What invisible maintenance looks like

The best cleanup jobs are the ones nobody notices. A customer opens a page, updates an order, or saves a form, and the app feels normal. Response times stay steady. Writes still go through. Support does not get odd reports about frozen pages or random timeouts.

That usually happens when the job works in small, quick bursts. It selects a limited set of rows, deletes or updates them, commits, and gets out of the way. Because each batch ends fast, locks do not sit on hot tables for long. Other sessions can keep reading and writing without lining up behind maintenance work.

Good cleanup also knows when to back off. If request latency starts creeping up, lock waits grow, or the database gets busier than usual, the job slows down or pauses. That matters more than raw speed. Finishing an hour later is usually fine. Making the product feel slow for ten minutes is not.

A clean stop matters too. You should be able to pause the job at any point and leave the database in a tidy state. That means no giant transaction holding work open forever and no half-done pass that needs manual repair. The next run should start from a clear checkpoint and continue without guesswork.

Think about a busy app during the workday. People add records every few seconds while a cleanup task removes old logs in the background. If users cannot tell the difference, the job is doing its job. If page saves start to drag, the maintenance is too loud.

Invisible maintenance is not magic. It is restraint: short batches, short locks, quick commits, and a job that knows live traffic comes first.

Choose the rows before you touch them

A cleanup job should know its target before it deletes a single row. "Old data" is too vague. Use a rule you can test, such as "sessions expired more than 30 days ago" or "email logs already archived and older than 90 days." If you archive before deletion, use the same rule in both steps so you do not move one set of rows and remove another.

Use filters that match indexed columns whenever you can. Dates, status fields, tenant IDs, and primary keys are common choices. If the database has to scan the whole table just to find candidates, the cleanup already puts pressure on live traffic. Check the index first, then run a count query with the same filter.

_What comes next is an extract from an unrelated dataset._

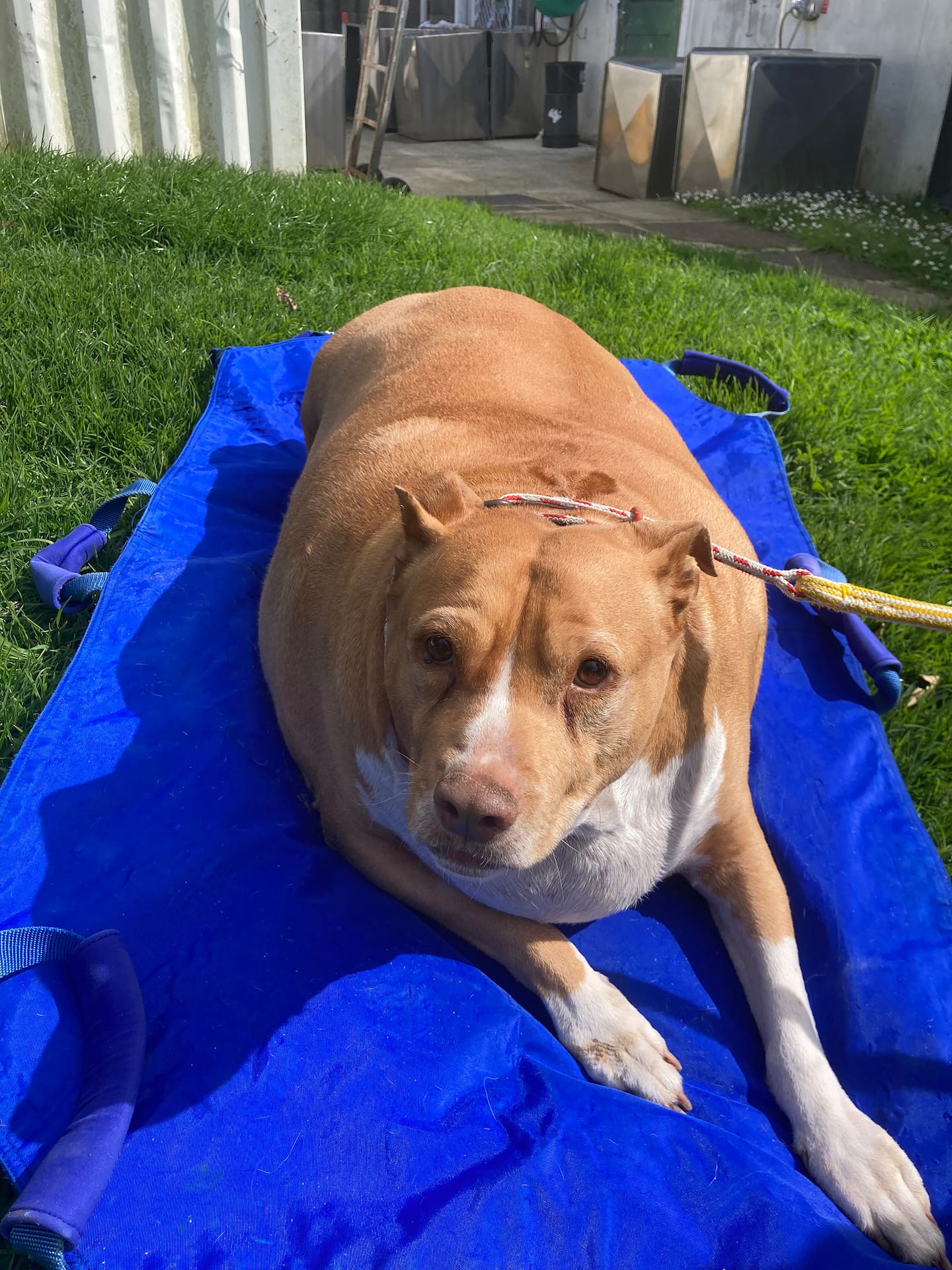 A Manurewa woman has been jailed for failing to meet a dog's physical, health and behavioural needs. Photo / SPCA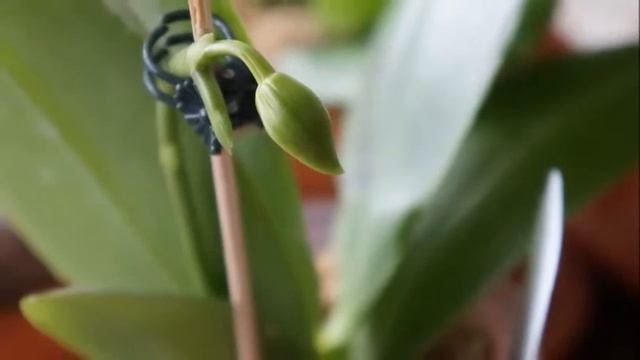 Orchid - Bloom of My Phalaenopsis Sweet Memory 'M' (Name Correction) смотреть онлайн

Process rows in a stable order. ID and created_at are usually the safest options because they stay predictable between batches. That makes the job easier to pause and resume, and it keeps each batch close to the last one. Random order is a bad habit. It can drag active rows into the cleanup and make user requests wait on the same pages or locks.

Before the first real run, count how many rows match the rule. That number changes the plan. Ten thousand rows may finish quietly in one evening. Twelve million rows need a slower schedule and tighter control. The first count also tells you if your filter is too broad.

One more check helps a lot: run a dry pass that selects, but does not delete, the first small batch. Look at the first and last IDs, the execution time, and whether a second run returns the next rows you expect. If that preview looks messy, fix the selection rule before you touch production data.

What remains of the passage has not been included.